------ Material provided

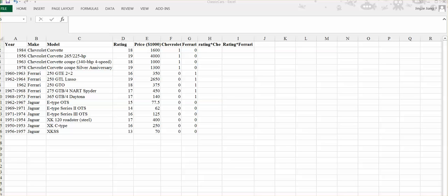So far, we've learned different techniques to modify our model in order to fit our data set better. The first technique we are learning is how we can include the higher order. For instance, in this example, we are looking at what will affect the car price. We are considering the rating, the model, the make, and the year.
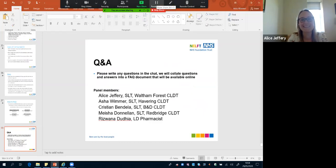We'll now move into the question and answer session. If anyone has any questions relating to dysphagia, please put them in the chat. The speech therapists present are: Asha for Havering, Alice for Waltham Forest, Christian for Barking and Dagenham, and Nisha — who has stepped out to another meeting — for Redbridge. Rizwana is the pharmacist in the learning disabilities team across all four boroughs.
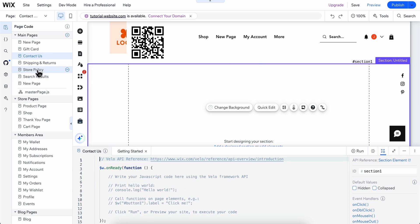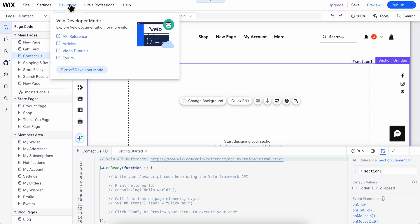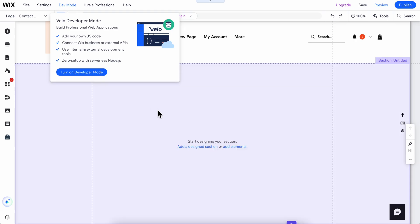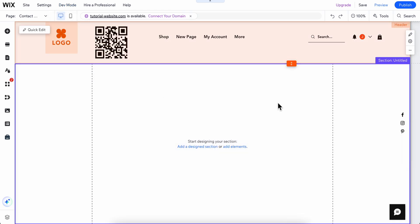Now I'm in developer mode. If you want to close it, simply click on it again and then click on turn off — and that's it. I hope you found this video helpful. Thanks for watching.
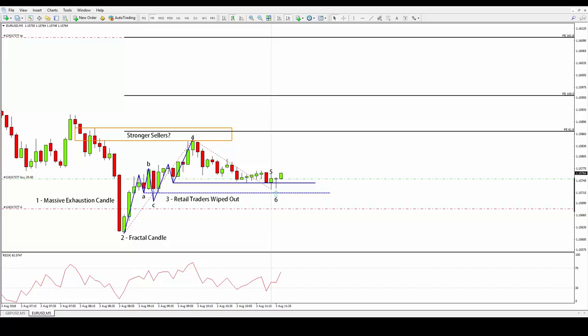In number 4, the market reaches the level where the sellers that produced the exhaustion candle in number 1 originated. We have to keep an eye on those sellers because they might show up again in key levels like the orange zone marked in number 4. They do show up, but with low volatility. Just compare the volatility of the market after number 4 with the volatility in the ABC expanding pivot. This is a sign that market makers are willing to push this market up, and the sellers are not strong enough to suppress the buying pressure of the market makers who are probably in control of this market by now.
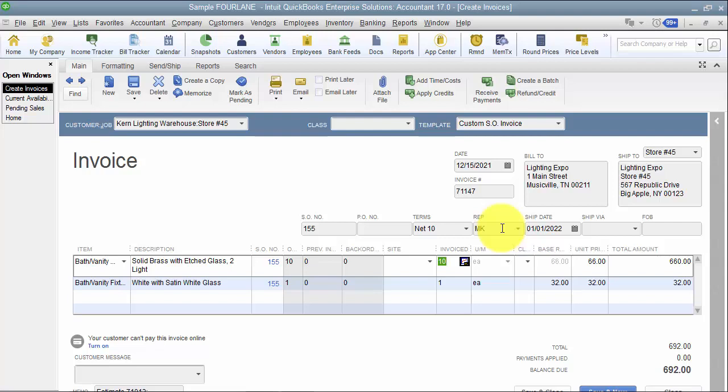So those are pending invoices, rarely used but nice to know it's there.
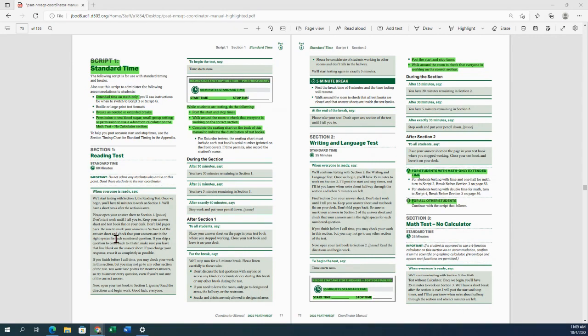Continue reading the highlighted sections. Make sure you fill out start and stop times in the book as well as posting them to the board. Walk around and check. Make sure you complete the seating chart on the back of the manual.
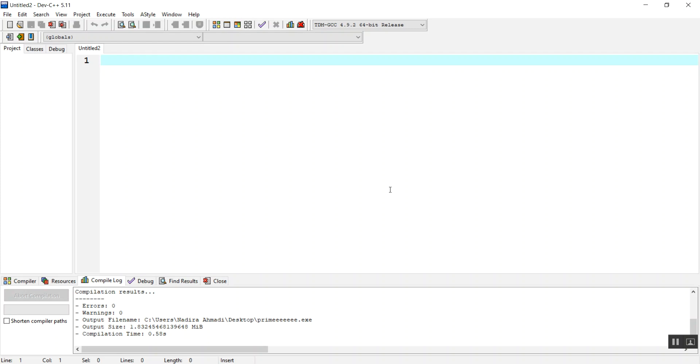Hello guys, welcome to today's lecture. Today I'm going to make a program which takes a number from the user and tells whether it is a prime number or not. I'm going to use C++.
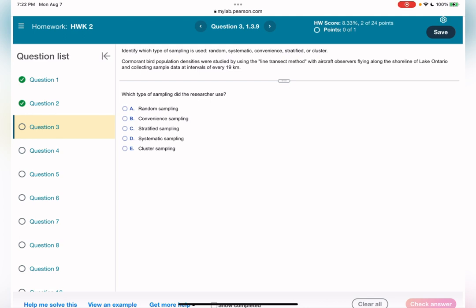Convenience sampling is the simplest method. For example, instead of choosing which customers to survey using a specific technique, you just stand in front of a store and survey whoever walks in. The method depends on ease of access to subjects — such as surveying customers in a mall or passersby on a busy street. It is termed convenience sampling because of how easy it is to carry out and get in touch with subjects.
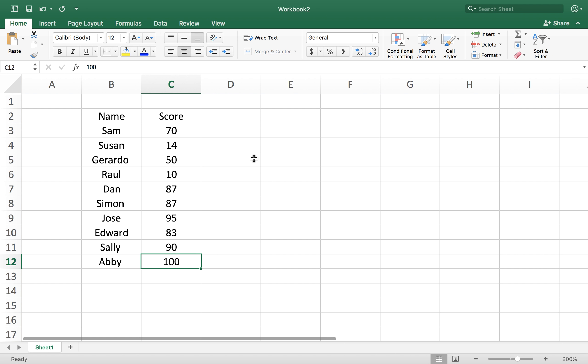We're going to take a look at basic functions in Excel: mean, median, and mode.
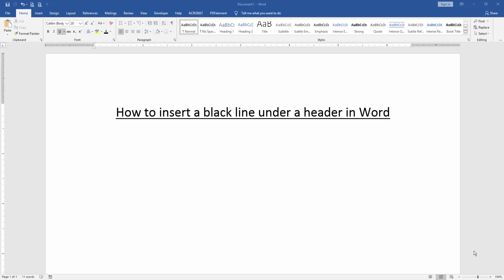Hello friends, how are you? Welcome back to another video. In this video I am going to show you how to insert a black line under a header in Microsoft Word. Let's get started.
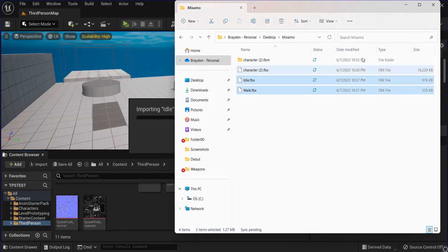Alright, now you've got your Mixamo character and animations, so let's set up an animation blend space. This is just going to be a simple One Direction, because we only have a walking animation at the moment.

------------

> **Brief**
Nothing but the pictures may be dropped as you repeat the listing above exactly.

> **Answer box**
So far, we've learned different techniques to modify our model in order to fit our data set better. The first technique we are learning is how we can include the higher order. For instance, in this example, we are looking at what will affect the car price. We are considering the rating, the model, the make, and the year.
We'll now move into the question and answer session. If anyone has any questions relating to dysphagia, please put them in the chat. The speech therapists present are: Asha for Havering, Alice for Waltham Forest, Christian for Barking and Dagenham, and Nisha — who has stepped out to another meeting — for Redbridge. Rizwana is the pharmacist in the learning disabilities team across all four boroughs.
Now I'm in developer mode. If you want to close it, simply click on it again and then click on turn off — and that's it. I hope you found this video helpful. Thanks for watching.
In number 4, the market reaches the level where the sellers that produced the exhaustion candle in number 1 originated. We have to keep an eye on those sellers because they might show up again in key levels like the orange zone marked in number 4. They do show up, but with low volatility. Just compare the volatility of the market after number 4 with the volatility in the ABC expanding pivot. This is a sign that market makers are willing to push this market up, and the sellers are not strong enough to suppress the buying pressure of the market makers who are probably in control of this market by now.
So those are pending invoices, rarely used but nice to know it's there.
Continue reading the highlighted sections. Make sure you fill out start and stop times in the book as well as posting them to the board. Walk around and check. Make sure you complete the seating chart on the back of the manual.
Hello guys, welcome to today's lecture. Today I'm going to make a program which takes a number from the user and tells whether it is a prime number or not. I'm going to use C++.
Convenience sampling is the simplest method. For example, instead of choosing which customers to survey using a specific technique, you just stand in front of a store and survey whoever walks in. The method depends on ease of access to subjects — such as surveying customers in a mall or passersby on a busy street. It is termed convenience sampling because of how easy it is to carry out and get in touch with subjects.
We're going to take a look at basic functions in Excel: mean, median, and mode.
Hello friends, how are you? Welcome back to another video. In this video I am going to show you how to insert a black line under a header in Microsoft Word. Let's get started.
Alright, now you've got your Mixamo character and animations, so let's set up an animation blend space. This is just going to be a simple One Direction, because we only have a walking animation at the moment.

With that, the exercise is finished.